Only the lines below from the one containing "UPDATED 3 STOREY" through the one containing "Les autochtones du" belong in the answer, set down exactly, with the pictures left out.
[Entries supplied]
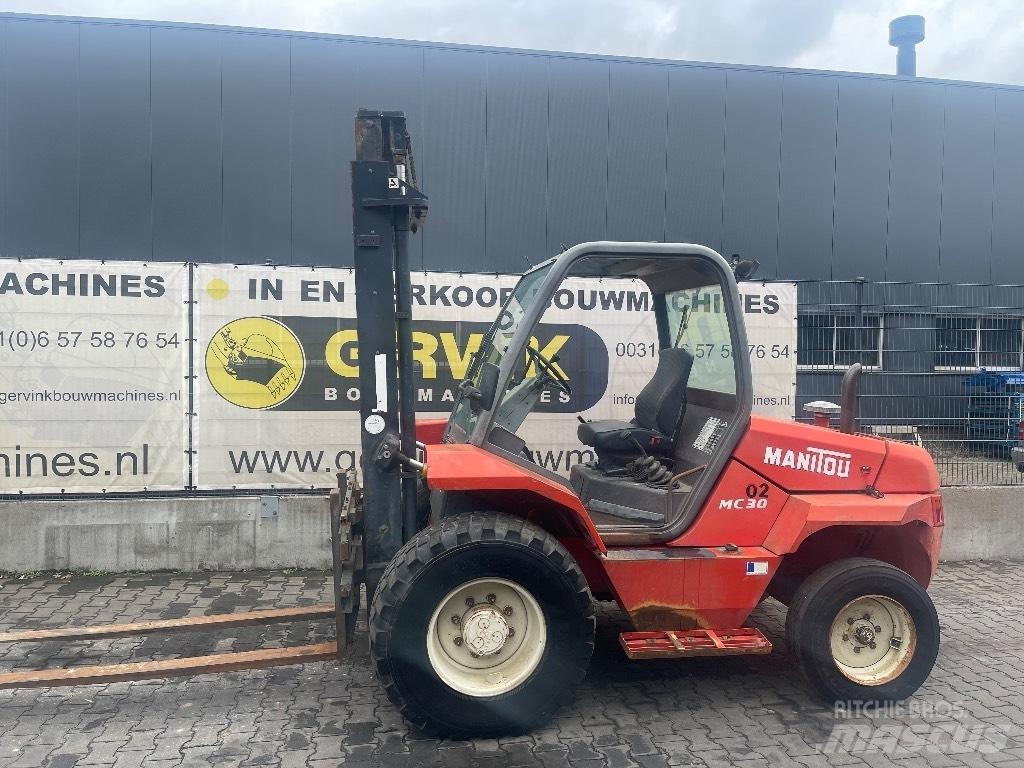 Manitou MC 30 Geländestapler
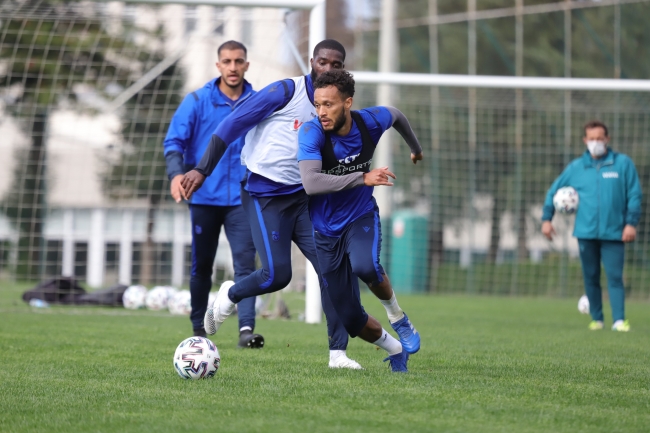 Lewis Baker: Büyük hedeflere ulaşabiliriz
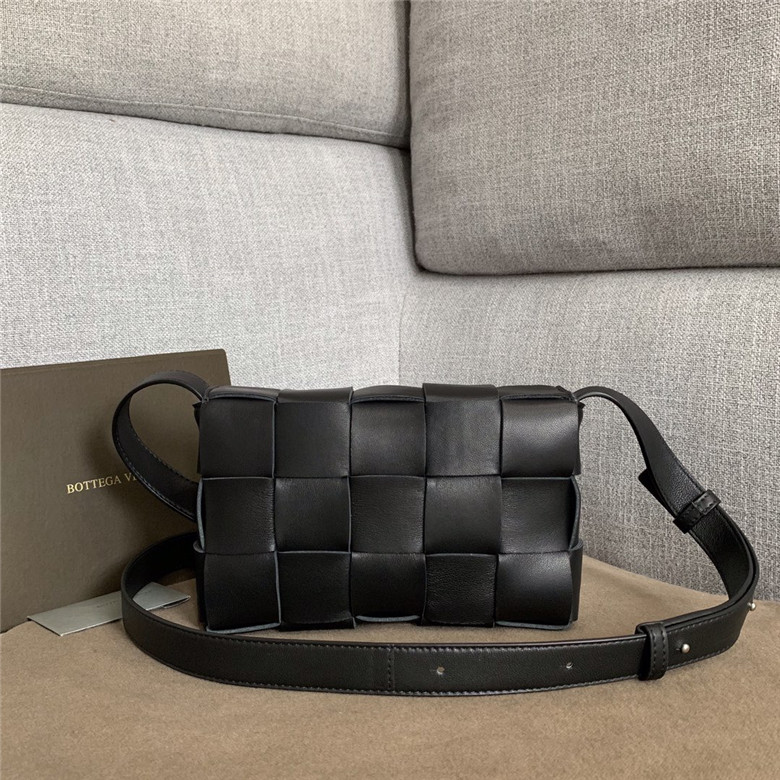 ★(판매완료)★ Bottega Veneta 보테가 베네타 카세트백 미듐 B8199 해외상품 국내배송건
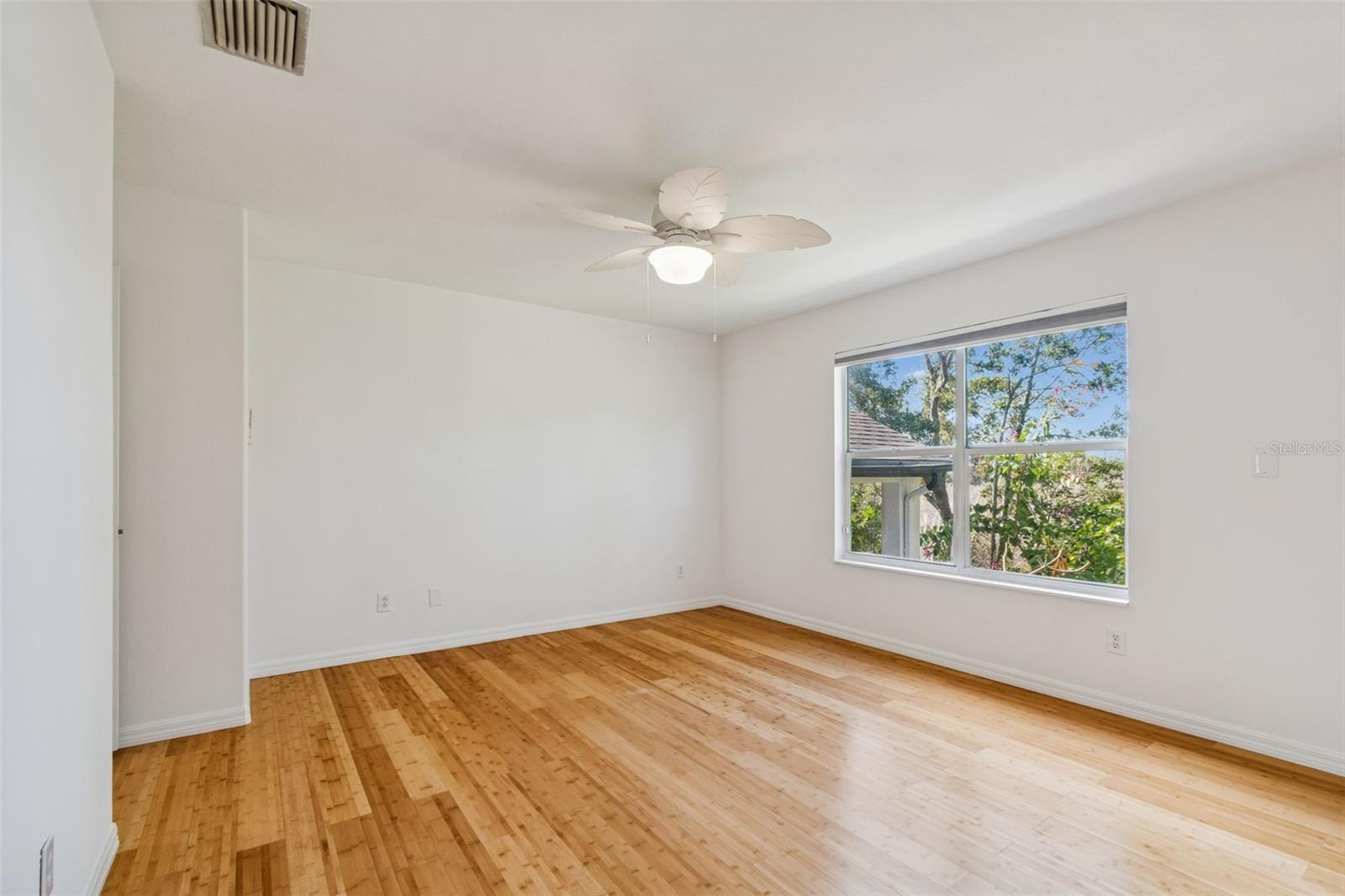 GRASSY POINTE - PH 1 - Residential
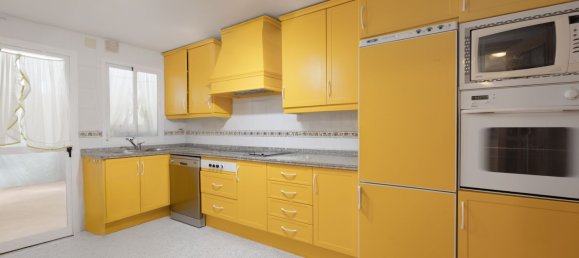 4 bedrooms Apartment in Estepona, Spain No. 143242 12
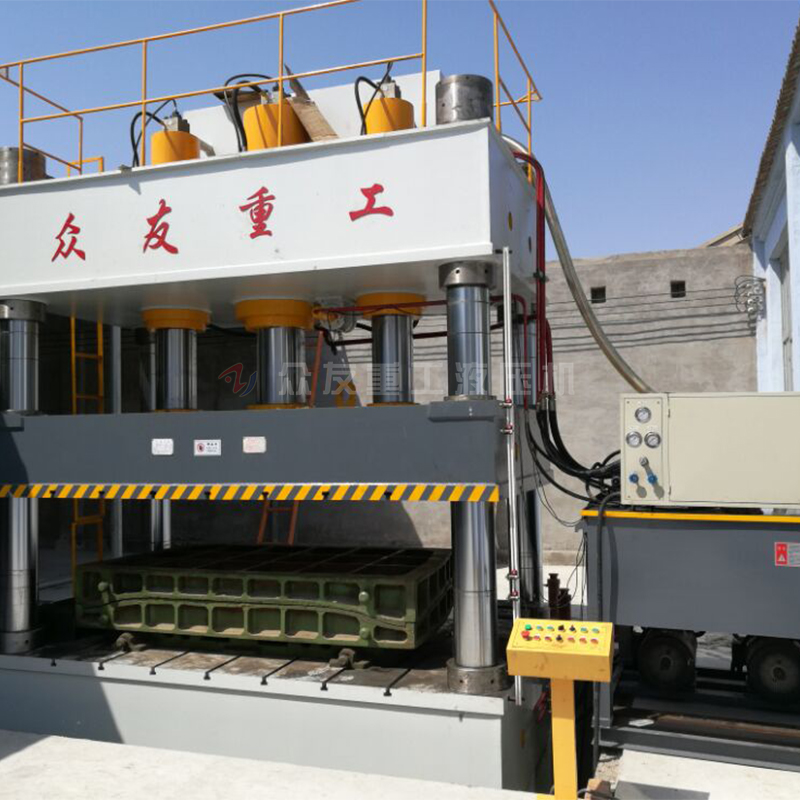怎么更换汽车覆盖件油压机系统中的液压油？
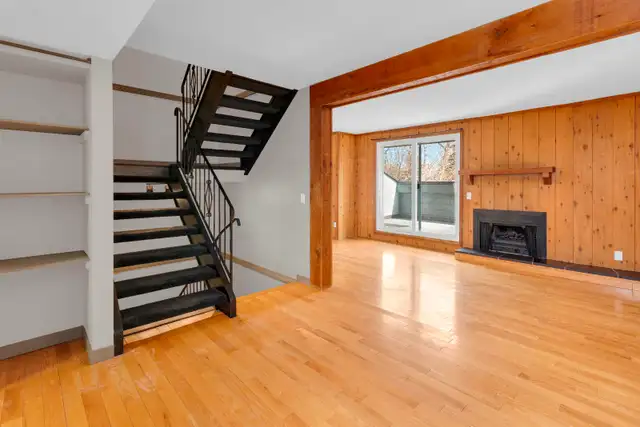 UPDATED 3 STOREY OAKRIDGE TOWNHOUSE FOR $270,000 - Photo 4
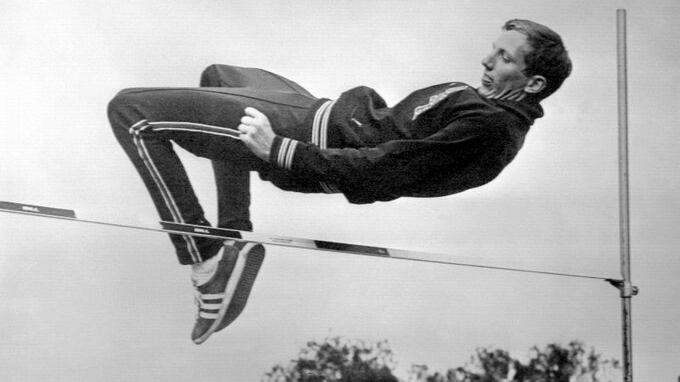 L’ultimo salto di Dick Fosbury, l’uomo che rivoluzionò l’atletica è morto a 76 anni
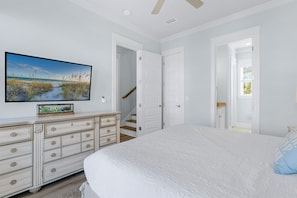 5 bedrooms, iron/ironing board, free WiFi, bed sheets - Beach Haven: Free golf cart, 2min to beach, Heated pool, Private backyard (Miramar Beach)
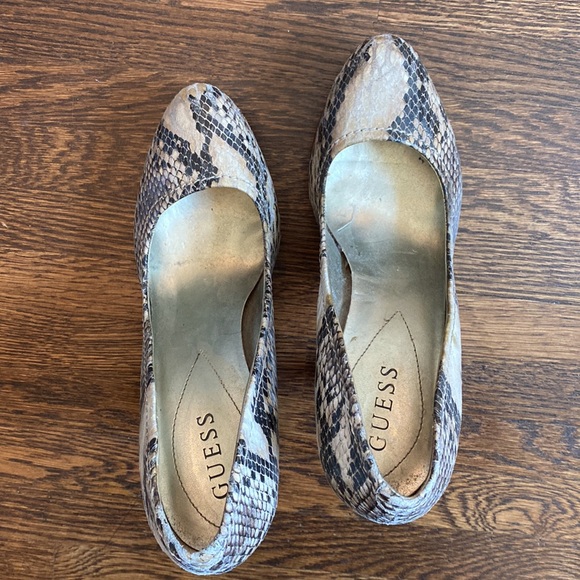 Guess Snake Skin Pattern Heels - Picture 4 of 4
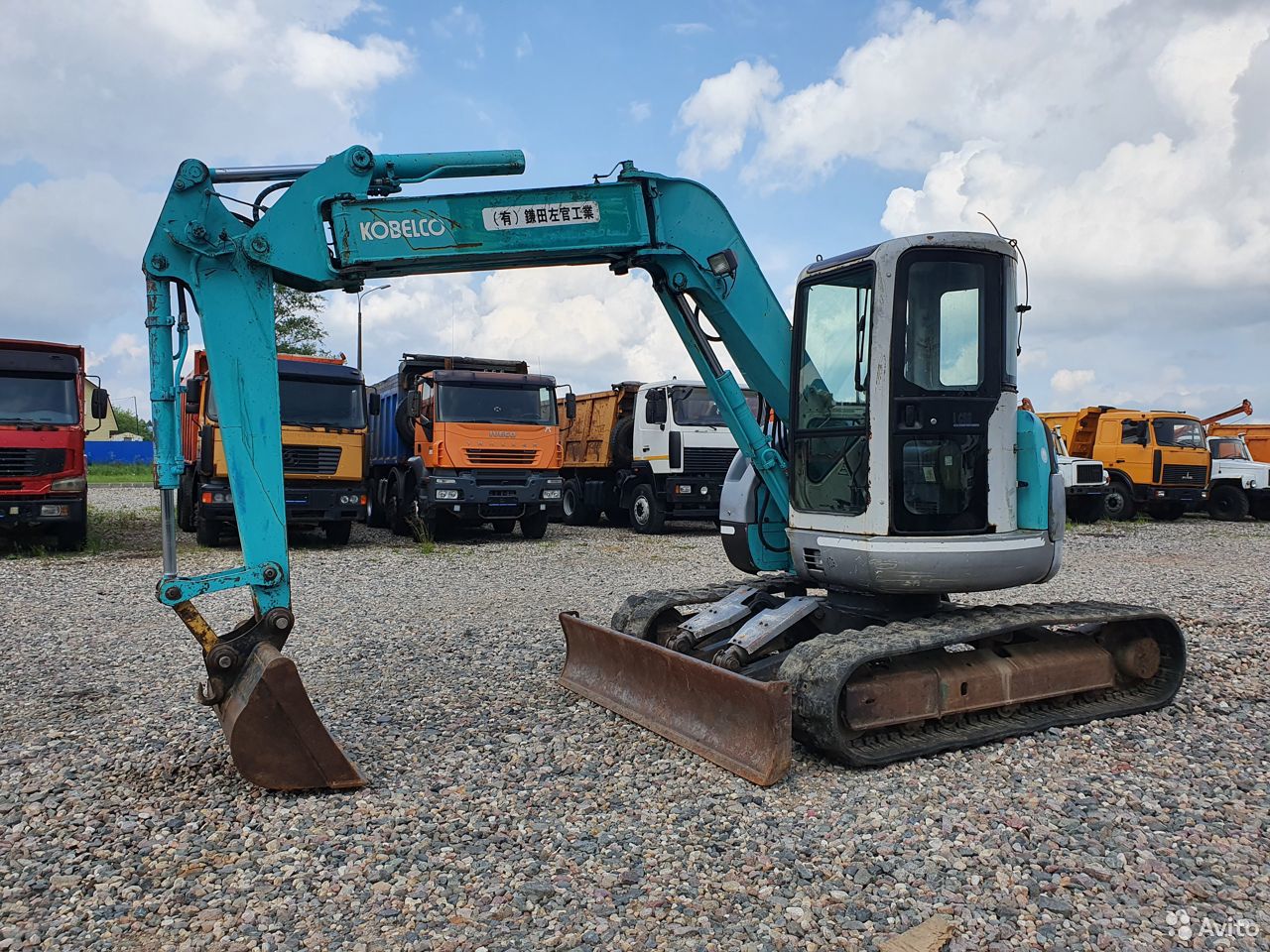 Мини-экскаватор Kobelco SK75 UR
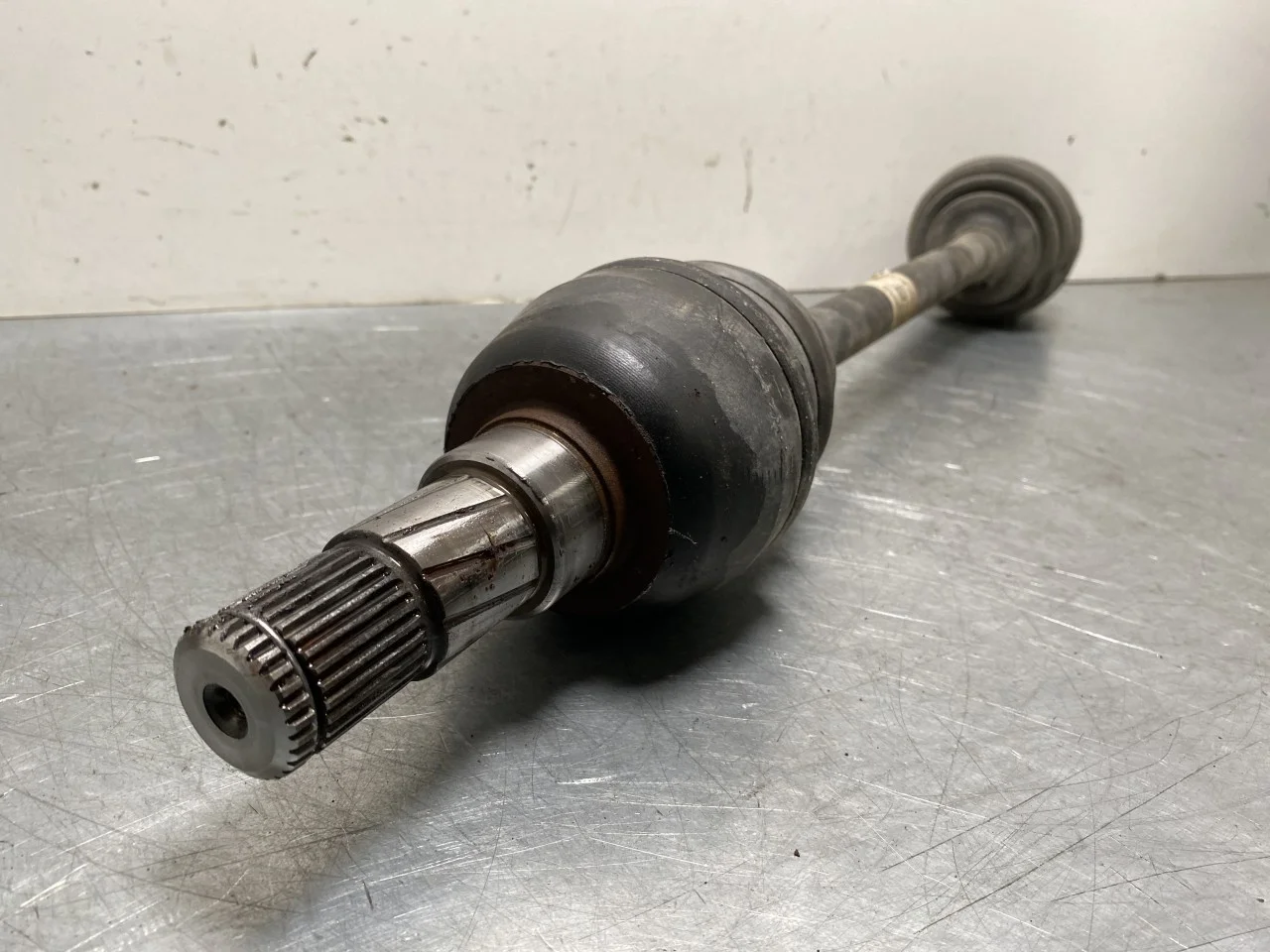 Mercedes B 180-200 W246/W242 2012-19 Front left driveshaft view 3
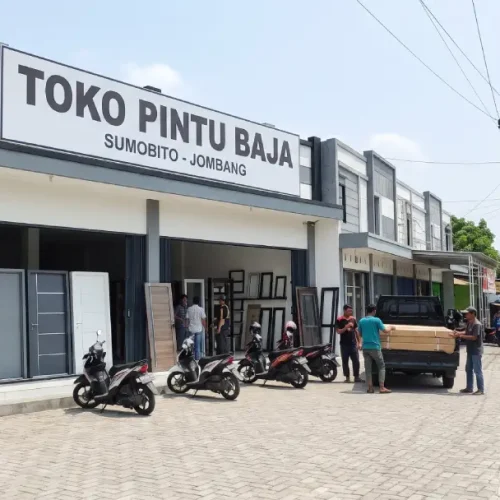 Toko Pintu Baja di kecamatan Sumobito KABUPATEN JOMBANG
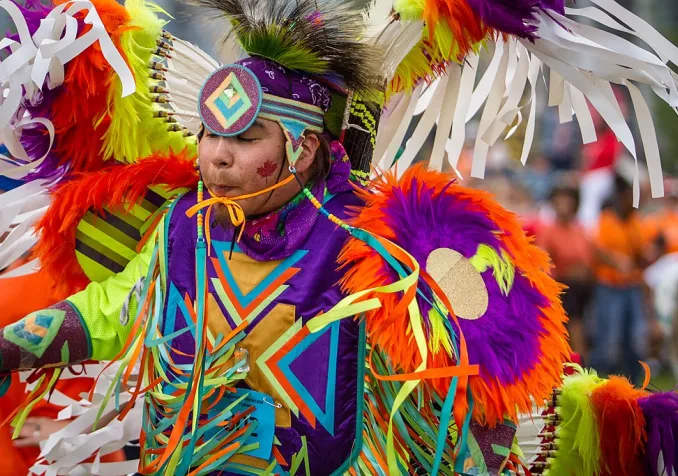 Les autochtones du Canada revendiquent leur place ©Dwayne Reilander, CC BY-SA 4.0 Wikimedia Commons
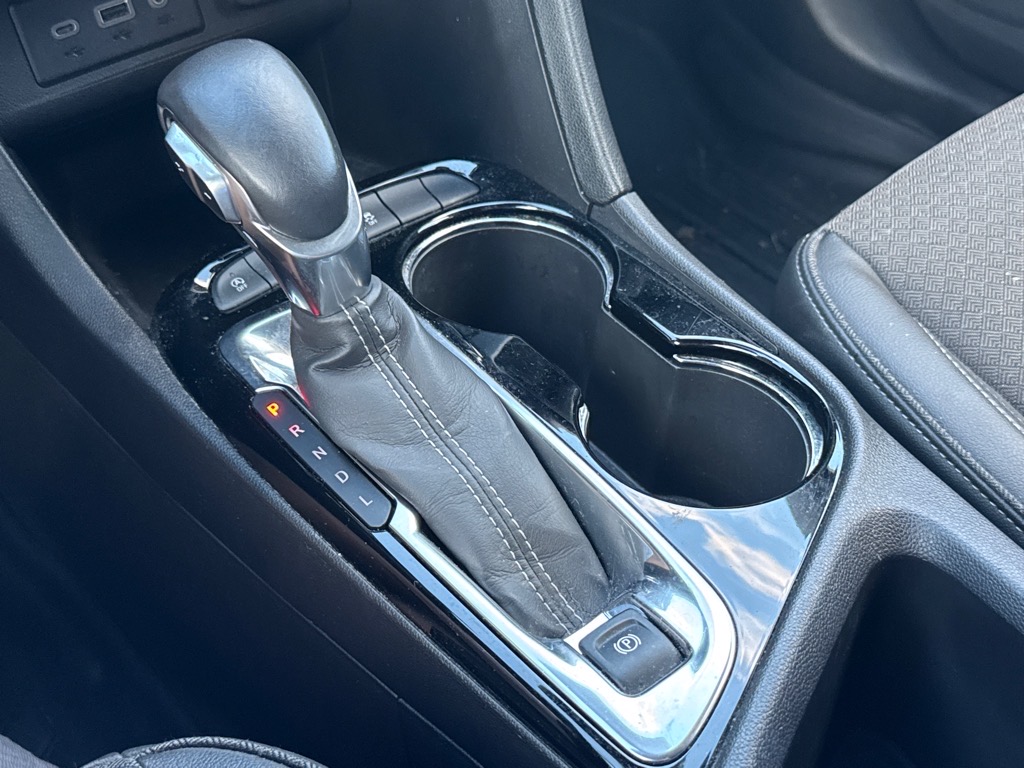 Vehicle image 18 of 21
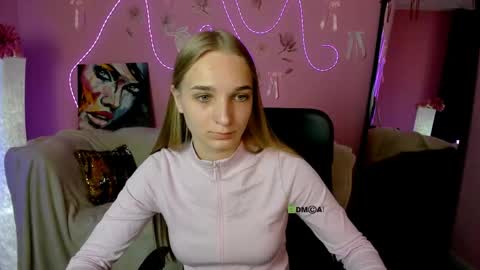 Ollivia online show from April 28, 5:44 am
[/Entries supplied]
• [Solution]
 UPDATED 3 STOREY OAKRIDGE TOWNHOUSE FOR $270,000 - Photo 4
 L’ultimo salto di Dick Fosbury, l’uomo che rivoluzionò l’atletica è morto a 76 anni
 5 bedrooms, iron/ironing board, free WiFi, bed sheets - Beach Haven: Free golf cart, 2min to beach, Heated pool, Private backyard (Miramar Beach)
 Guess Snake Skin Pattern Heels - Picture 4 of 4
 Мини-экскаватор Kobelco SK75 UR
 Mercedes B 180-200 W246/W242 2012-19 Front left driveshaft view 3
 Toko Pintu Baja di kecamatan Sumobito KABUPATEN JOMBANG
 Les autochtones du Canada revendiquent leur place ©Dwayne Reilander, CC BY-SA 4.0 Wikimedia Commons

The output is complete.